Using MPI

From MRC Centre for Outbreak Analysis and Modelling
Jump to navigation Jump to search

MPI (Message-Passing Interface) allows multiple computers (nodes) to communicate with each other by sharing blocks of memory with each other. Traditionally, it's used with C and Fortran - here I'll talk about how to get it running in Visual Studio using C/C++ on our clusters.

Using Visual Studio for MPI

Prerequesites

Setup the Project

  • Create a new C/C++ Empty project. Add a new helloworld.cpp file to it.
  • Project Properties, C/C++, General, Additional Include Directories. Add C:\Program Files (x86)\Microsoft SDKs\MPI\Include
  • Project Properties, Linker, General, Additional Library Directories. Add C:\Program Files (x86)\Microsoft SDKs\MPI\Lib\x64 (for 64-bit - x86 if you really want 32-bit).
  • Project Properties, Linker, Input, Additional Dependencies: insert msmpi.lib;
  • Project Properties, C/C++, Code Generation, set Runtime Library to a non-DLL version (/MT)

Write MPI Helllo World

#include <mpi.h>
#include <stdio.h>

int main(int argc, char* argv[]) {
  int mpi_size,mpi_rank;
  MPI_Init(&argc, &argv);
  MPI_Comm_size(MPI_COMM_WORLD, &mpi_size);
  MPI_Comm_rank(MPI_COMM_WORLD, &mpi_rank);
  printf("Hello World %d out of %d\n",mpi_rank,mpi_size);
  MPI_Finalize();
  return 0;
}

Launching the Job

Let's assume you've built the above do a test in your home directory - \\fi--san02\homes\user\mpitest, and we'll write a script called run.bat, which will take two arguments: (1) the number of nodes you want to use, and (2) the working directory.

mpiexec -n %1 -wdir %2 helloworld.exe

And then we'll write another text file launch.bat to set the job running on the cluster:

set NODES=2
set WORKDIR=\\qdrive.dide.ic.ac.uk\homes\user\mpitest
job submit /scheduler:fi--didemrchnb /jobtemplate:GeneralNodes /numnodes:%NODES% /singlenode:false /workdir:%WORKDIR% \\fi--san02\homes\user\mpitest /stdout:out.txt run.bat %NODES% %WORKDIR%

A bit more MPI

Just a taster - you can easily google for all the MPI examples in the world. But just so you know what you're in for... It's quite low level. You can do things like:

  • Scatter data from one node to all the others
  • Gather data back to one node from all the others.
  • Scatterv and Gatherv allow you to scatter or gather non-equally-sized portions of data, but you have to know how big each bit is in advance. So, commonly, you might do a pair of MPI operations, the first to tell everyone the sizes (one integer per node), and the second to deal with the variable-size data, since you now know how big it is.
  • Allgather and Allgatherv cause all of the nodes to end up with all of the data, rather than just one node accumulating it all.
  • And the data we have been speaking of is... an array of ints, or floats of various sizes.

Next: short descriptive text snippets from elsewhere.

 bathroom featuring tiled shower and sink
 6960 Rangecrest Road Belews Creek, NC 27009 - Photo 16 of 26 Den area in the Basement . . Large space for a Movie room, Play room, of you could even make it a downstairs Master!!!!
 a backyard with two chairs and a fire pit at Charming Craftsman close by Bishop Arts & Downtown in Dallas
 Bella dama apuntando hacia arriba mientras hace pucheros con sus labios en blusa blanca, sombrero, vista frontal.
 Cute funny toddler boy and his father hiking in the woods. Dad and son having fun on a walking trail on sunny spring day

A very simple example. Arrange it so that all the MPI nodes know the names of all the MPI nodes. First: get the name.

  char name[MPI_MAX_PROCESSOR_NAME];
  int len;
  MPI_Get_processor_name(name, &len);

Now, the name could be a different length, so first, get all the nodes to tell everyone else how large their name is.

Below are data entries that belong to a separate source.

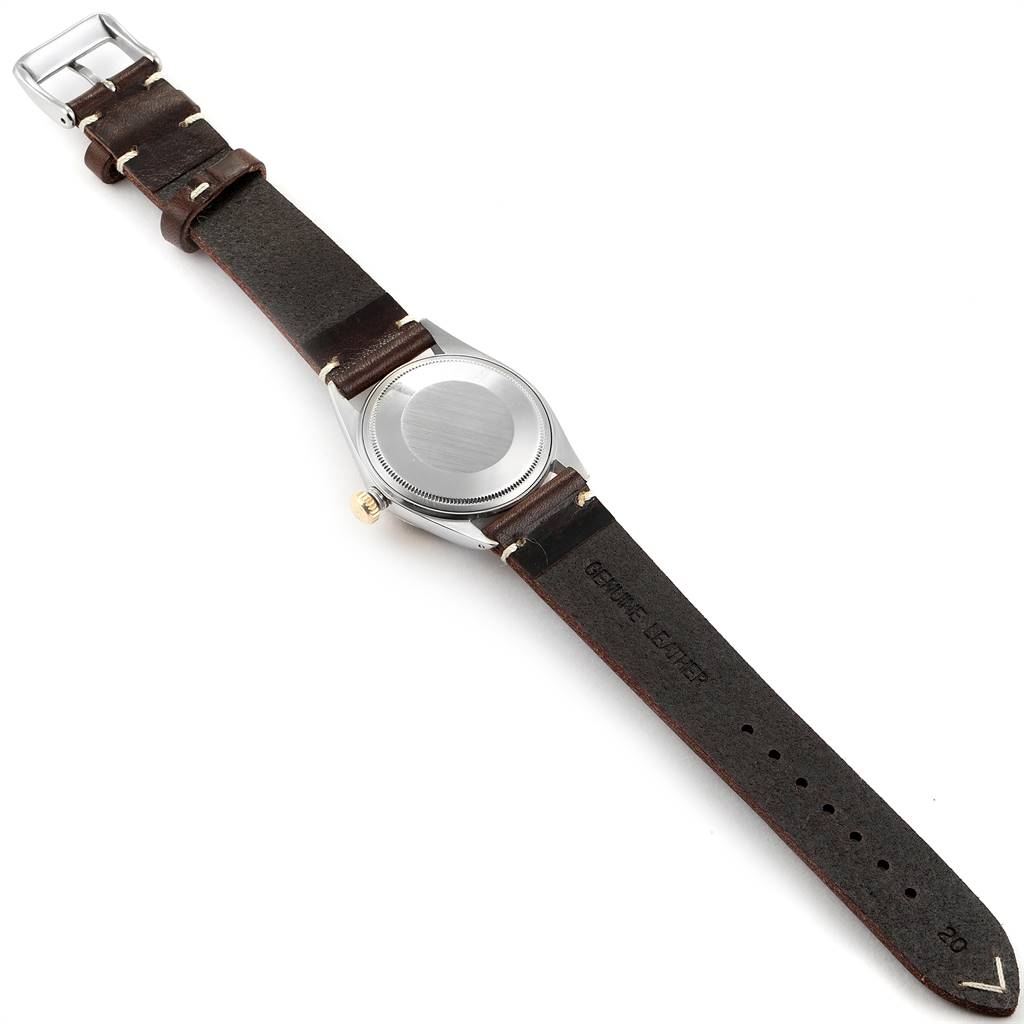 The image shows the backside of a Rolex Vintage Collection 1601 Men
s Steel and Gold (two tone) Blue Dial 1601 Men
s Steel and Gold (two tone) Blue Dial watch with a brown leather strap.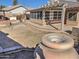 Large backyard space with covered patio and fountain at 14838 S 47Th Way, Phoenix, AZ 85044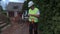 Builder with spade and tablet near tractor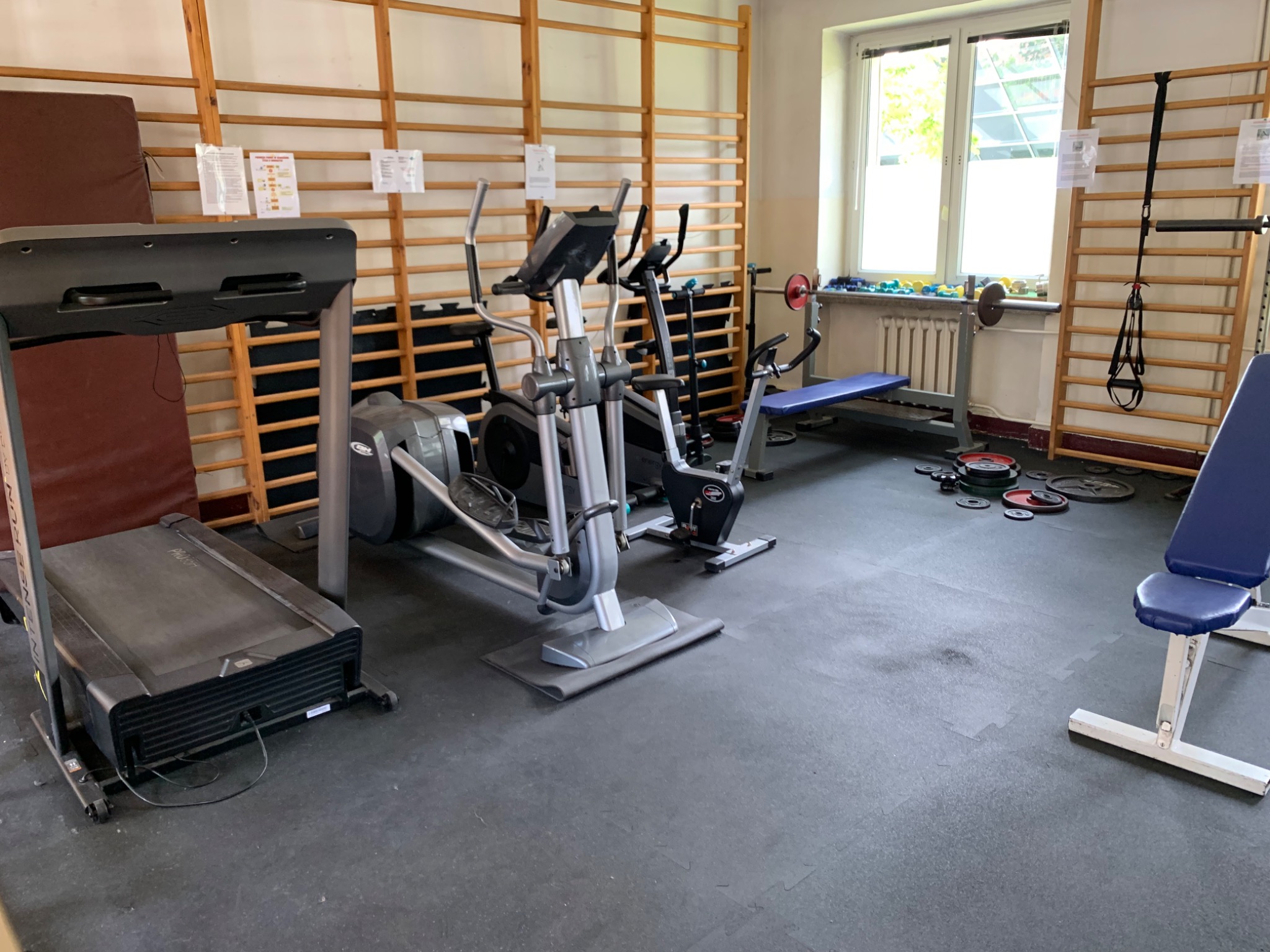 Ciemna, gumowa podłoga w siłowni z widocznymi śladami użytkowania, na której stoją różnorodne urządzenia do ćwiczeń: bieżnia, orbitrek, rowery stacjonarne oraz ławka do ćwiczeń z obciążeniami. Tło...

  int* results = new int[mpi_size];
  MPI_Allgather(&len, 1, MPI_INT, results, 1, MPI_INT, MPI_COMM_WORLD);  

  /*  MPI_Allgather's arguments are: 
        &len    = Address of data to send
        1       = How many items to send
        MPI_INT = The data type to send.
        results = Address to receive results into
        1       = How many items *per node* to receive
        MPI_INT = The data type to receive
        MPI_COMM_WORLD = A reference to the universe.     */
  

So after this, all the nodes know the length of all the nodes' names. They could differ, so...

  int totalsize = 0;
  for (int i = 0; i < mpi_size; i++) totalsize += sizes[i];
  char* incoming = new char[totalsize];
  int* displs = new int[mpi_size];
  displs[0] = 0;
  for (int i = 1; i < mpi_size; i++) displs[i] = displs[i - 1] + sizes[i - 1];

Here, we've worked out the total incoming buffer size, and made memory space for it. We know the sizes of each one, and I've calculated the displacements for each one - ie, displs[n] is the place in my receive buffer where the data coming from node n will begin.

  MPI_Allgatherv(&name, len, MPI_CHAR, incoming, sizes, displs, MPI_CHAR, MPI_COMM_WORLD);

  /*  MPI_Allgatherv's arguments are: 
        &name    = Address of data to send
        len      = How many items to send
        MPI_CHAR = The data type to send.
        incoming = Address to receive data into
        sizes    = Array of size mpi_size - size to receive from each node.
        displs   = Array of size mpi_size - starting point of data for each node. 
        MPI_CHAR = The data type to receive.
        MPI_COMM_WORLD = A reference to the universe.     */

And if you want to get the names out one by one, then, perhaps something like this...

  std::string allresults(incoming);
  std::string* array_results = new std::string[mpi_size];
  for (int i = 0; i < mpi_size; i++) {
    array_results[i] = allresults.substr(displs[i], sizes[i]);
  }

Don't forget to

  MPI_Finalize();

at the end.